Fraîcheur, naïveté, timidité adolescente, tout s’y retrouve ; c’est la candeur adorable du génie, mais sans l’inexpérience et les erreurs. C’est l’étude d’un élève peinte par son maître ; le don y brille, joyau inestimable serti dans la science ; tout ce qui vient de Dieu y est, avec tout ce qui vient de l’homme.

L’heureux possesseur de ce diamant l’a fait enchâsser dans une riche monture d’or, où se jouent des dauphins sculptés, et qui peut se dresser au milieu d’un appartement comme le David de Daniel de Volterre. Si M. Ingres vit cent ans, peut-être peindra-t-il l’autre face.

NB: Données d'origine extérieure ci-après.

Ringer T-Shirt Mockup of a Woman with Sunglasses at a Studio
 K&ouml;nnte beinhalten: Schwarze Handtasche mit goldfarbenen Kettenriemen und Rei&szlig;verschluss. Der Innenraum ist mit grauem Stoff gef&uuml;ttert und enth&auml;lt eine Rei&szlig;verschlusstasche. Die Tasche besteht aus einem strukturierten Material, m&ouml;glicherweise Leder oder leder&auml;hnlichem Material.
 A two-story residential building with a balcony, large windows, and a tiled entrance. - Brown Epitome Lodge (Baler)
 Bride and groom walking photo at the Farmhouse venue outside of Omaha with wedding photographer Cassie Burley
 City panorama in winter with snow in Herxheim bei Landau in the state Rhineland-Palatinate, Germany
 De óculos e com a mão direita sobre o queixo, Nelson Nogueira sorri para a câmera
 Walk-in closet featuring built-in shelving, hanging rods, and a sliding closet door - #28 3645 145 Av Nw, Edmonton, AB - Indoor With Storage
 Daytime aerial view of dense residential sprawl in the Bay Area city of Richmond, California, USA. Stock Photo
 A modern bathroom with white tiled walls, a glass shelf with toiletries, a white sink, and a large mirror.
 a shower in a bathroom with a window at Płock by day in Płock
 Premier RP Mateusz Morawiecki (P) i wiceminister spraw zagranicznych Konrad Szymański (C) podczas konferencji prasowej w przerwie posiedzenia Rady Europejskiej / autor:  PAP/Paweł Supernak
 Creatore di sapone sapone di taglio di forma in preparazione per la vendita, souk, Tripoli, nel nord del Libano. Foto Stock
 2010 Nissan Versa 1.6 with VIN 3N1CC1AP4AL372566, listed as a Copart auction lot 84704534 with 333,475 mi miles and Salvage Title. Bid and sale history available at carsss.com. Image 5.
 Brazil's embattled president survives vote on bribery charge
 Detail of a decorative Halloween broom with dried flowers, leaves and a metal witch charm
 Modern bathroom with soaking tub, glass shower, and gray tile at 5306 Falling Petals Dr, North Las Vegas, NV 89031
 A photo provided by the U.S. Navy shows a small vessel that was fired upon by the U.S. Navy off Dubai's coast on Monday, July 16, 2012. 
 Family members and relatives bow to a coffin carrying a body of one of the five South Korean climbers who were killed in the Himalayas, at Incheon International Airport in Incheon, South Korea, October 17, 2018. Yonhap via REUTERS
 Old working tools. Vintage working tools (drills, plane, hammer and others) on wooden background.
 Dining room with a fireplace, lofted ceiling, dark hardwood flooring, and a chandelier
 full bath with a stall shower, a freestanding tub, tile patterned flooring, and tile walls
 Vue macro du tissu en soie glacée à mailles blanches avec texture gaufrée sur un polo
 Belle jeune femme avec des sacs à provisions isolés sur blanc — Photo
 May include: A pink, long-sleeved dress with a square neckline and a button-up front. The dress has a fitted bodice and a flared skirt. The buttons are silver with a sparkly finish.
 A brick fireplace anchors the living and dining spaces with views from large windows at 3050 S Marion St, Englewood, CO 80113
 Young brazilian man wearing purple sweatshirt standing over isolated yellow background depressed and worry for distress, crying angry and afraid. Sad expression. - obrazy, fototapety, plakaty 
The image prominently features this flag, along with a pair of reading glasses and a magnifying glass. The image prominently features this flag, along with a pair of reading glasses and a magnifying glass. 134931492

Il ne nous est rien resté des merveilleux peintres grecs ; mais, à coup sûr, si quelque chose peut donner une idée de la peinture antique telle qu’on la conçoit d’après les statues de Phidias et les poèmes d’Homère, c’est ce tableau de M. Ingres ; la Vénus Anadyomène d’Apelle est retrouvée. Que les arts ne pleurent plus sa perte.

Aphrodite est presque enfant. Le flot d’écume qui l’enfermait vient de crever et bouillonne encore. La déesse a l’apparence d’une jeune fille de treize à quatorze ans. Son visage, où s’ouvrent des yeux bleus doucement étonnés, et où s’épanouit un sourire plus frais qu’un cœur de rose, a toute la candeur et l’ingénuité du premier âge mais, dans son corps frêle et virginal, la puberté éclôt comme une fleur hâtive.